10 Jan 2013 Carlsberg taps the next big beer market (really): women
Jorgen Buhl Rasmussen, the CEO of brewing giant Carlsberg Group, says the big beer industry has grown stale when it comes to innovation, and altogether too comfortable with its staple consumer: sports-loving dudes.
“The beer category has been suffering in terms of image. In the last 10 to 15 years, it is often connected with drunken people on the street sitting with beer cans,” he says. While the craft beer trend has been injecting new life into the beer market, it is also still too male-oriented. Men still buy 74% of lager beers, according to Datamonitor. For Carlsberg, men buy 80%.

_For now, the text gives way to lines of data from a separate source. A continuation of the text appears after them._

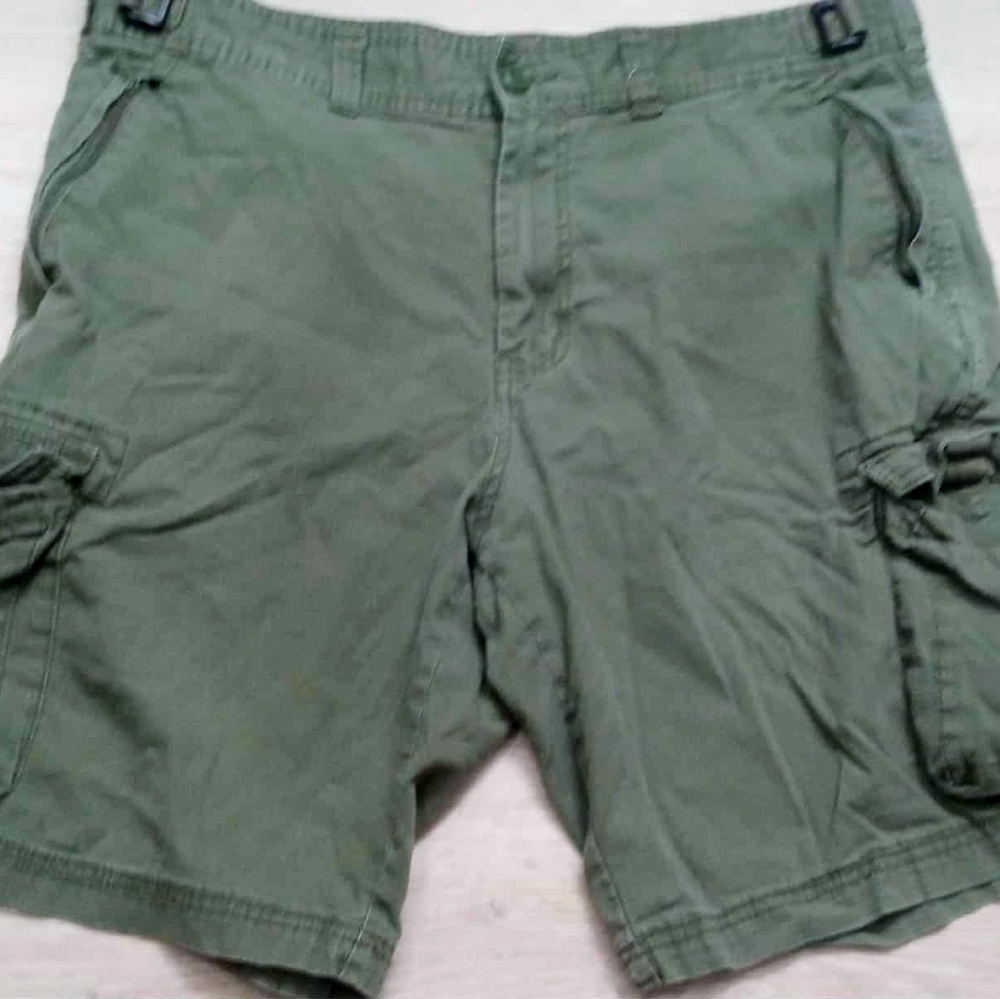 Goodfellow Cargo Shorts Men's Size 38 Color Green Pockets Hiking Walking Dad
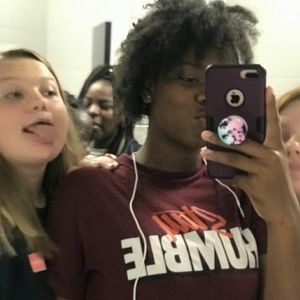 Meet your Posher, Kayla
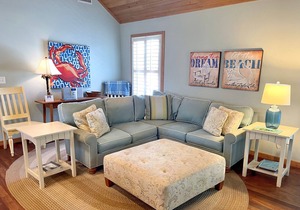 Cabana II: Perfect getaway for two that offers a shared pool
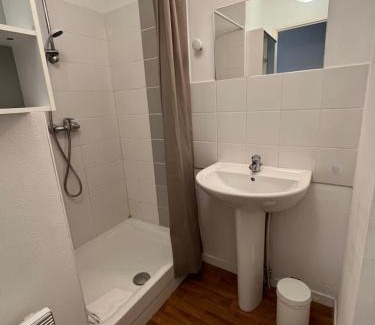 Quartier Calmette Apartamento | Acajou, Studio avec terrasse et parking privé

“We can and we must come up with more products that are appealing to females,” Rasmussen says.
That task is first product development, followed by smart marketing, he believes. And neither of those are easy, as women have traditionally been more interested in wine than beer-style brewed drinks. So Carlsberg is dipping its toe in the market, inventing a few new female-friendly products and marketing them carefully and organically in small, highly developed markets like Sweden and Switzerland.
The alternative drink laboratory is sticky-sweet and littered with failure. Beer companies have tried beer in slim-line cans, light beers, and beers so fruity they might as well be wine coolers. Brewers have tried low-carb, low-calorie, and caffeine-fused drinks.
Some “malternative” and “alcopop” brands like Coors’s Zima were hot for a time, but ultimately discontinued. Some wine coolers switched from wine-based drinks to malt-based mixtures and took a precipitous slide in sales in the 2000s. The Alizé cognac-based liquors became an urban product rather than high-end.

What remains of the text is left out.